Local historian finds hidden stories in a family heirloom

Published in the September 2022 Issue Published online: Sep 23, 2022 History
Viewed 1169 time(s)

By Jeff Carr

BEFORE HE WAS EVEN BORN, Ammiruhamah Faulkner saved his mother’s life – and not in some sappy, sentimental way. She was pregnant in 1692 when she was arrested for witchcraft and taken to Salem. Her real crime, as far as history can tell, was being critical of the witch trials. That’s how witch trials go. After a coerced confession, she was convicted and sentenced to hang. Most of her fellow victims were executed, but Abigail’s sentence was suspended because she was pregnant. By the time the baby was born, the witch trials were over, and Abigail lived another 4 decades. She had given her older children classic English names, but Ammiruhamah was a Hebrew phrase: “my people have obtained mercy.”

Myrna Taylor first saw the ledger of John Comins, Jr., in 1995 in the basement sewing room of her mother’s Rigby home. A leather-bound notebook about the size of a VHS tape, browned with age, it had been passed down through her family for years. Passed down, but not examined.
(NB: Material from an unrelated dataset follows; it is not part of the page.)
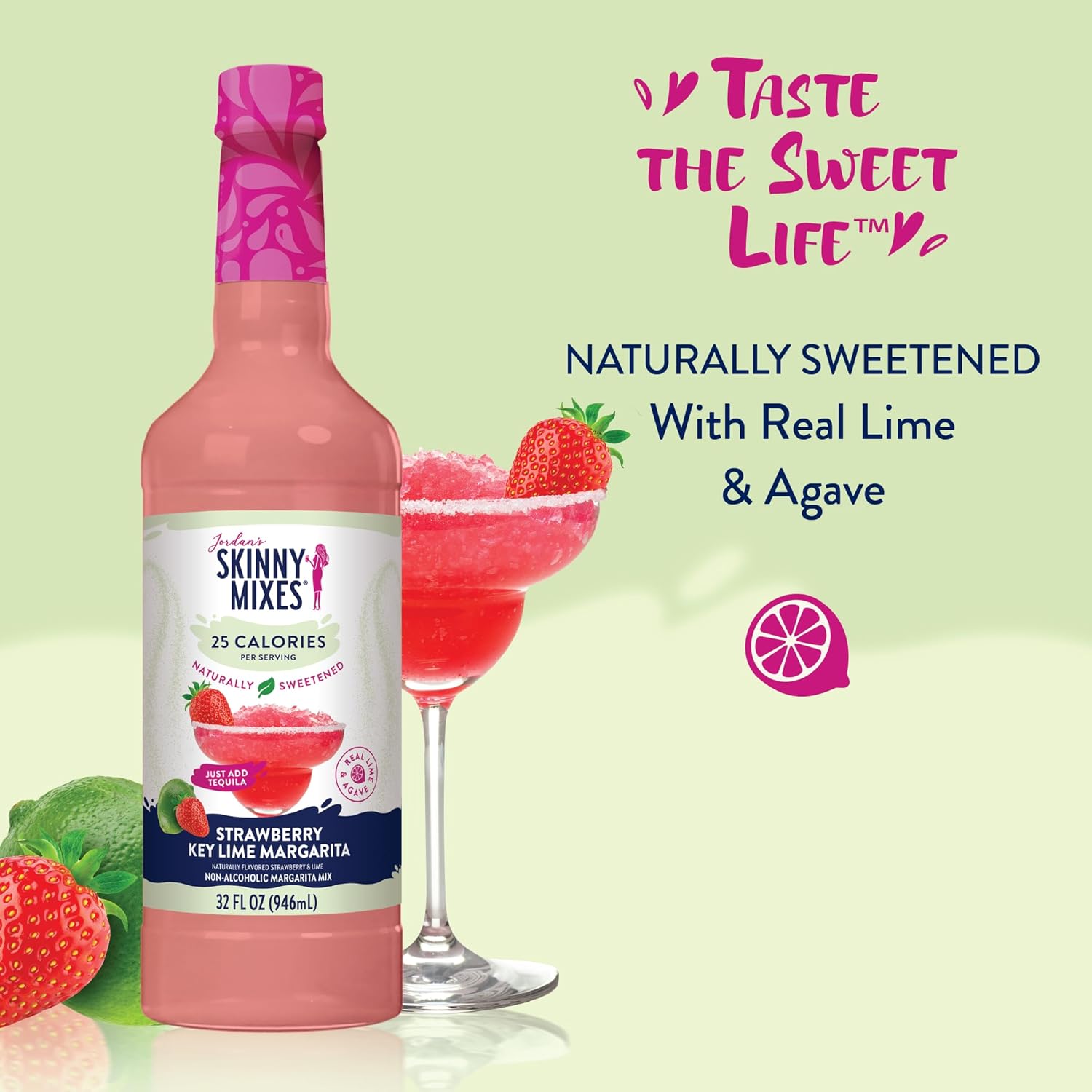 Jordan's Skinny Syrups Sugar Free Syrup, Naturally Sweetened Strawberry Key Lime Margarita Mix, 32 oz, Low Calorie Flavoring, Protein Shake, Cocktail & More, Gluten Free, Keto Friendly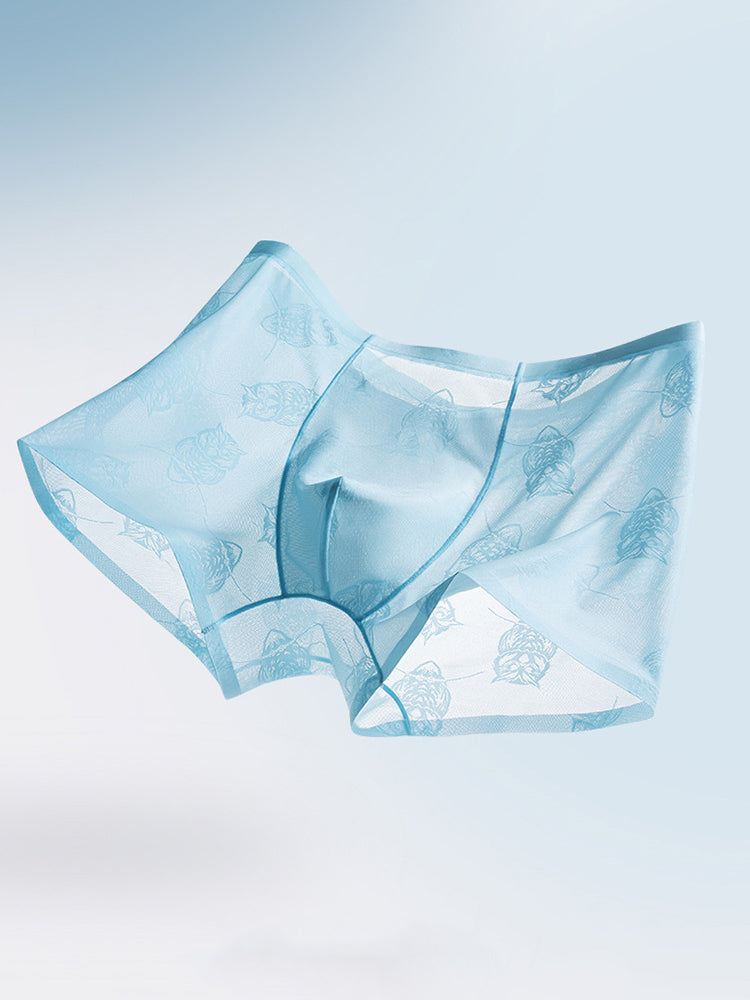 4 Pack Men's Ice Silk Antibacterial Mid-Rise Seamless Comfort Trunks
Taylor remembers: “We’d pull it out occasionally, look at it, and say ‘we should do something with it,’ but we never did.”

Then 20 years later, Taylor read A Midwife’s Tale, a Pulitzer Prize-winning biography by Harvard historian—and East Idaho native—Laurel Thatcher Ulrich. Taylor was moved by the first-hand account of a woman so familiar, and the way in which her unassuming life opened a window into understanding a whole society. Taylor pulled out the ledger and wrote to Ulrich, who invited Taylor to meet at a history conference in Utah. There, Taylor’s possession of a never-studied document drew the envy of many. She got to work. Until that point, Myrna Taylor’s fascination was focused not on the content of the faded ledger, but its journey—where it had been since Continental Army officer John Comins, Jr., her great-great-great-great-grandfather, penned its first entry in 1778. Taylor pored through records and deduced that Comins had given the ledger to his daughter Elizabeth, who joined the brand-new Mormon Church in Pennsylvania and followed its fellow adherents to Ohio, Missouri, and then fled back across the icy Mississippi River to Illinois.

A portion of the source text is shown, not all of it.